> Given records:
┄┄┄┄┄┄┄┄┄┄
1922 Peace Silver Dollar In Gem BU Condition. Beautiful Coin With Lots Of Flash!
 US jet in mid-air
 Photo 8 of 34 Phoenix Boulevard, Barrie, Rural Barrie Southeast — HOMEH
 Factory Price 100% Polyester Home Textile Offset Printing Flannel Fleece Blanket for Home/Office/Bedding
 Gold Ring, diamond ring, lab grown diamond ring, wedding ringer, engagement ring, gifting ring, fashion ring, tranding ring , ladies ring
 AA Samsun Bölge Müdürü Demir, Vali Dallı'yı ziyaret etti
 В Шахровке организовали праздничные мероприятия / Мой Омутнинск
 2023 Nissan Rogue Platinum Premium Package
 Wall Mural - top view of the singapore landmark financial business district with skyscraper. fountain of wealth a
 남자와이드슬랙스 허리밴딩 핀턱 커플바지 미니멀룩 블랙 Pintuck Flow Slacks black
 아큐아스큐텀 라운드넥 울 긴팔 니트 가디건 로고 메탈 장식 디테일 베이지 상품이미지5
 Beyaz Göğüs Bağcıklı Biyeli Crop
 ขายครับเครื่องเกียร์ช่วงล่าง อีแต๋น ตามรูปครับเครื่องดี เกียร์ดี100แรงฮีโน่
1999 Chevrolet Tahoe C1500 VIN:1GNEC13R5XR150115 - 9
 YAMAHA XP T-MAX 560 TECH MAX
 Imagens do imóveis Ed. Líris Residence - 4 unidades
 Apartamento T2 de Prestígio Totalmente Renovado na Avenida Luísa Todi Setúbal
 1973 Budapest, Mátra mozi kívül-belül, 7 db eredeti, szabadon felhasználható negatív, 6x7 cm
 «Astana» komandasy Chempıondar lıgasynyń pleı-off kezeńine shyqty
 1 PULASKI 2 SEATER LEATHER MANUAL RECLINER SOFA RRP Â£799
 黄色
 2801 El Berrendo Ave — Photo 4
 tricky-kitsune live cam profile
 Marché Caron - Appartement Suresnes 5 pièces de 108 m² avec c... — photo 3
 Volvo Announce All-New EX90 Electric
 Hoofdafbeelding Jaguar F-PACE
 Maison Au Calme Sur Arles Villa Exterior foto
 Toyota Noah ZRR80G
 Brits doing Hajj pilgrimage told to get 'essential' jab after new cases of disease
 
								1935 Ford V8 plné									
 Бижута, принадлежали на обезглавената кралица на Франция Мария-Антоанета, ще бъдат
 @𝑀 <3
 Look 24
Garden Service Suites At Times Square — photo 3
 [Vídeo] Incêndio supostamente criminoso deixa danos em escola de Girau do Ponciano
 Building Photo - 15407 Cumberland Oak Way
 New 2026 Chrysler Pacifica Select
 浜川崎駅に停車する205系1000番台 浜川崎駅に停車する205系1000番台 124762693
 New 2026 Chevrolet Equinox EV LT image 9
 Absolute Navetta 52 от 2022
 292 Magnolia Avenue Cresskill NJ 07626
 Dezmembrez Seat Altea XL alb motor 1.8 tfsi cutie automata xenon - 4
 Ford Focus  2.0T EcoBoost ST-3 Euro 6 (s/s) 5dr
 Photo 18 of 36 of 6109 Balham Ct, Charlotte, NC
┄┄┄┄┄┄┄┄┄┄
Copy whichever lines in the listing above hold "Chevrolet".

1999 Chevrolet Tahoe C1500 VIN:1GNEC13R5XR150115 - 9
 New 2026 Chevrolet Equinox EV LT image 9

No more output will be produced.